Personally, I don't use Steam - I find it idiotic to buy a game online, and in order to do so, download a client to "manage" my games.
What exactly makes this idiotic? You get reliable and multi-server (ie, FAST even on phat pipes like 20mbit ADSL) downloads using the steam client - more reliable than using a typical browser HTTP or FTP download.
And it has to stay installed, taking precious MB (my laptop had 555MB free of a 30GB XP partion this morning, now at 1.2GB due to cleaning it up as much as possible).
Less than 50 megabytes for the STEAM platform on my system, and that seems to include some cache files etc. Keep in mind that this platform is used and shared
by the installed games... if you take a typical StarForce protected game, you probably have executables of at least 16 megs per game, because that protection system bloats up the executables bigtime. With STEAM games, you don't (or at least shouldn't
) get that.
Anyways, EA jumped on the bandwagon long ago - EA Download Manager, a program I used to purchase and download Need for Speed Carbon Collectors Edition, has gone through lots of stages over several years. Same issue. I no longer have Carbon, or EADM, installed.

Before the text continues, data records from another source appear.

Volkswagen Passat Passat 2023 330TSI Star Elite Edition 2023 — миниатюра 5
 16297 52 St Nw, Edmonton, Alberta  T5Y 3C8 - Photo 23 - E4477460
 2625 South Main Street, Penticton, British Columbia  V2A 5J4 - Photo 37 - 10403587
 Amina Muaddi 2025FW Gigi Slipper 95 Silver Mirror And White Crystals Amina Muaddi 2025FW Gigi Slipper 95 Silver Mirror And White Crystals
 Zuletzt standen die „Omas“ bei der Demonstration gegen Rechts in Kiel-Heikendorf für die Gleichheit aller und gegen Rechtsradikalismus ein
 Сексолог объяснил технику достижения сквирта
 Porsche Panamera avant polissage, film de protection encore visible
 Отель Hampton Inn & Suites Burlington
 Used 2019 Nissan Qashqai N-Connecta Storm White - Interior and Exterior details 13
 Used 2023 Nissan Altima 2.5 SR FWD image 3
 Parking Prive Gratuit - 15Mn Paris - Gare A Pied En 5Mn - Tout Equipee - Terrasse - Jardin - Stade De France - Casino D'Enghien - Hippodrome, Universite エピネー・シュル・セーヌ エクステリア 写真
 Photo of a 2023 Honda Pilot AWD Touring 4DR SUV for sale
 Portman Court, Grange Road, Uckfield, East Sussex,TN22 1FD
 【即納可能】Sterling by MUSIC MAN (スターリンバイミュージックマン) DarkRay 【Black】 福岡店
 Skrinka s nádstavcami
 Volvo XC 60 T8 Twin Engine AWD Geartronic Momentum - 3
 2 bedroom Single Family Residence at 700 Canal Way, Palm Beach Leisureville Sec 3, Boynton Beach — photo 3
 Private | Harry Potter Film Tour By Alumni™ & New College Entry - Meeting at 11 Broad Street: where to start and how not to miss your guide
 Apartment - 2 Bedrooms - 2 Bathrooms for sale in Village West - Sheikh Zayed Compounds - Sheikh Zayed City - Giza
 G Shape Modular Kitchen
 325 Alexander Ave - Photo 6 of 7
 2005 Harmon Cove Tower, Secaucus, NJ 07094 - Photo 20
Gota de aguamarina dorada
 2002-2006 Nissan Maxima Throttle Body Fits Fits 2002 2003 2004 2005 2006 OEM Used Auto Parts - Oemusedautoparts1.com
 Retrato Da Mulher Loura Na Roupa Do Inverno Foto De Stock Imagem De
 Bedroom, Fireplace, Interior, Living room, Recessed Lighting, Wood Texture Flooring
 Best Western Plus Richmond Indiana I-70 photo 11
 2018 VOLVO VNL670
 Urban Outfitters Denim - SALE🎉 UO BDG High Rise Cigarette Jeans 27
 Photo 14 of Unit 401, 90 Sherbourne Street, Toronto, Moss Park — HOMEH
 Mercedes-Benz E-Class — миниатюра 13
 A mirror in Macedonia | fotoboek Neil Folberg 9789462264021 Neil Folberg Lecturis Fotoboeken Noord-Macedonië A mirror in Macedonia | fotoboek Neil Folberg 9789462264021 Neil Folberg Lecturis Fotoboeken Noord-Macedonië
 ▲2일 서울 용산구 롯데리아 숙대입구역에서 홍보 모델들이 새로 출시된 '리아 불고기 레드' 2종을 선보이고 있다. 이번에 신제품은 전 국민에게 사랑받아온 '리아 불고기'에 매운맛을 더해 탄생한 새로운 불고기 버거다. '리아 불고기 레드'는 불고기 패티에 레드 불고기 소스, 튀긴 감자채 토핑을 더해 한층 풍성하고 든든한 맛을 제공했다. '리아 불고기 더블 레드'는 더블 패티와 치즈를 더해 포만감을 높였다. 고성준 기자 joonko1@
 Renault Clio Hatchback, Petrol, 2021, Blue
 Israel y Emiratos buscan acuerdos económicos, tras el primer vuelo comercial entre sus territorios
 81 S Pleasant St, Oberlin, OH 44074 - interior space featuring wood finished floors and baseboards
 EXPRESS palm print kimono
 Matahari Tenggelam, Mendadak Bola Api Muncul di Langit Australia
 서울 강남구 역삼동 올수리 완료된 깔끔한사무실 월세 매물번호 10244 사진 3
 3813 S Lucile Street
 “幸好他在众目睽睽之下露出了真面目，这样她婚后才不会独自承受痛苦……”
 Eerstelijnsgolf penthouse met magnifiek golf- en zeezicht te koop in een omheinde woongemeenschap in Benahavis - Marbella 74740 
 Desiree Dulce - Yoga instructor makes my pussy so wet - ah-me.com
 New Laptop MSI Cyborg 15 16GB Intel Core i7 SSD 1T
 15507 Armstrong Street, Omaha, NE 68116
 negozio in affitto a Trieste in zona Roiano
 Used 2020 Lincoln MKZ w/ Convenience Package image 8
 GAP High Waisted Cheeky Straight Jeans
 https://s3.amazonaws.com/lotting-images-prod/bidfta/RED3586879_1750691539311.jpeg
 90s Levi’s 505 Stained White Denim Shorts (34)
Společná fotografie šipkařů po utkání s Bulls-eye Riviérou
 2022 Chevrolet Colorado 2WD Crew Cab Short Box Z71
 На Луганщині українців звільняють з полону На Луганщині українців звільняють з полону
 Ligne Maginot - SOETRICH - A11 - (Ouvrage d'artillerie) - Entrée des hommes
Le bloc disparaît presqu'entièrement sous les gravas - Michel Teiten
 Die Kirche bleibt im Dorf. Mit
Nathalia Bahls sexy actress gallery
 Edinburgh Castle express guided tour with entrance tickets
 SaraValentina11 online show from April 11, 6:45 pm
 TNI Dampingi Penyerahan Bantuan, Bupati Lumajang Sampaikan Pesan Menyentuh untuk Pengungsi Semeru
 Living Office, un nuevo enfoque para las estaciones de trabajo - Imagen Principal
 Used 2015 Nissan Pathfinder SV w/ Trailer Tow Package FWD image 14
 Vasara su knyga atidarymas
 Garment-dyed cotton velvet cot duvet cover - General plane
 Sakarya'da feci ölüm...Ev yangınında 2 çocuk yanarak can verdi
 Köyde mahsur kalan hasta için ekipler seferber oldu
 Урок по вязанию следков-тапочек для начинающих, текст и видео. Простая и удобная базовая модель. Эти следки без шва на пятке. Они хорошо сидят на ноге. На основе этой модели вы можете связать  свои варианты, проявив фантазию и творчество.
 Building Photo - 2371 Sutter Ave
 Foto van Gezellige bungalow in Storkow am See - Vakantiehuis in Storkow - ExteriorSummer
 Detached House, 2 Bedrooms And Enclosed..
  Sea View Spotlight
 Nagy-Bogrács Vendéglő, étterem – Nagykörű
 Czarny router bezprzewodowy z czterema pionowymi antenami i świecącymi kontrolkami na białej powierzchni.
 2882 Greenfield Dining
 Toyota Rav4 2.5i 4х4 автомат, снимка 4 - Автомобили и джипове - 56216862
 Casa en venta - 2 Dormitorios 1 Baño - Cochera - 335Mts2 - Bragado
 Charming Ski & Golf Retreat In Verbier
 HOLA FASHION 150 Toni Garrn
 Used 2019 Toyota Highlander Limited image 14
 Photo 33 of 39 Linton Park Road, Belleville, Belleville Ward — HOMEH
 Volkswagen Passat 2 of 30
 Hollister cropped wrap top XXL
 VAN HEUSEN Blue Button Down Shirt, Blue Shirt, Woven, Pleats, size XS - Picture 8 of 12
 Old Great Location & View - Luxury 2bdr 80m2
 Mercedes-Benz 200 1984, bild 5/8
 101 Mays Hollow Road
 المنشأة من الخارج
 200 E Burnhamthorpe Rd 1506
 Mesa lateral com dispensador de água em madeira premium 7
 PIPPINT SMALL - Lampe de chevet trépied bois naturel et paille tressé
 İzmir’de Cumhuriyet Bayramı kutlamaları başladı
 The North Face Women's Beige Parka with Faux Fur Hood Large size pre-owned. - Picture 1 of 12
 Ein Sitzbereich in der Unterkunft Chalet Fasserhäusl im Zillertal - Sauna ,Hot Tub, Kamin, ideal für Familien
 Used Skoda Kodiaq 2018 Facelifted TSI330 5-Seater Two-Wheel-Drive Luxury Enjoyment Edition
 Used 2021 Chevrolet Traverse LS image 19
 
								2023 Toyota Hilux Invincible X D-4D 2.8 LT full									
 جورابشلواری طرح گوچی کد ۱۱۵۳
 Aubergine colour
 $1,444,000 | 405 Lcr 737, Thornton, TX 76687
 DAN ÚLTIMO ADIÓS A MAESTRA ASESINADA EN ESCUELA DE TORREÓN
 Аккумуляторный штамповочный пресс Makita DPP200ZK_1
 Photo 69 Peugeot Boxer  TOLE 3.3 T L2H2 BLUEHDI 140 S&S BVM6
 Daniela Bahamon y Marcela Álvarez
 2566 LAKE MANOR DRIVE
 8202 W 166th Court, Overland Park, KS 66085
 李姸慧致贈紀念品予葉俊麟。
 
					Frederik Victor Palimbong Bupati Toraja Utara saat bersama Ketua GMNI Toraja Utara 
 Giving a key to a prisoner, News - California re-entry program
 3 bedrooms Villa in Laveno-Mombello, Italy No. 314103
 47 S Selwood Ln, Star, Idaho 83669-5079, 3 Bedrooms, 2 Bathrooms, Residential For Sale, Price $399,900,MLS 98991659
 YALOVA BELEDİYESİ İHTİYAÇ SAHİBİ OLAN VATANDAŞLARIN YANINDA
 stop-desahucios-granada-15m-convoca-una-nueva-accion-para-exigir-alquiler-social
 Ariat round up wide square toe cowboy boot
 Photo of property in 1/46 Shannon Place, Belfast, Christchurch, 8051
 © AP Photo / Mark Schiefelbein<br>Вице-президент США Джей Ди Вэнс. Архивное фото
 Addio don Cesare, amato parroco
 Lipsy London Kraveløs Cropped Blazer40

It's a real shame that several companies feel they need their own system. It's obvious why, though: cash. Might be solvable by doing some peering contract though, where other companies could use the STEAM system, and Valve would only get a small cut of the price.
In a way, it's convenient - no disks, but then you have the 2 hour waiting period for the 4-6GB to download, whereas you have a disk and it is just install and play.
It's extremely convenient when you have fast
broadband. Also, STEAM often lets you pre-download game content before the game is released, meaning that on release day you might not have to download any content at all, or perhaps a few hundred megabytes - meaning almost instant play as soon as the game is released.
Furthermore, you don't need
to download the larger games, at least Valve's own titles when purchased on DVD still use the STEAM system. This means you get the same auto-update ease, the same non-messy game protection system etc., and without requiring a massive broadband line for the download.
The only real problem I can see with STEAM is that you need to have an internet connection to use it. Feels a bit silly for single-player games. But you can always choose "go offline" from the STEAM menu, which allows you to play your single-player (and LAN?) games without being connected to the net.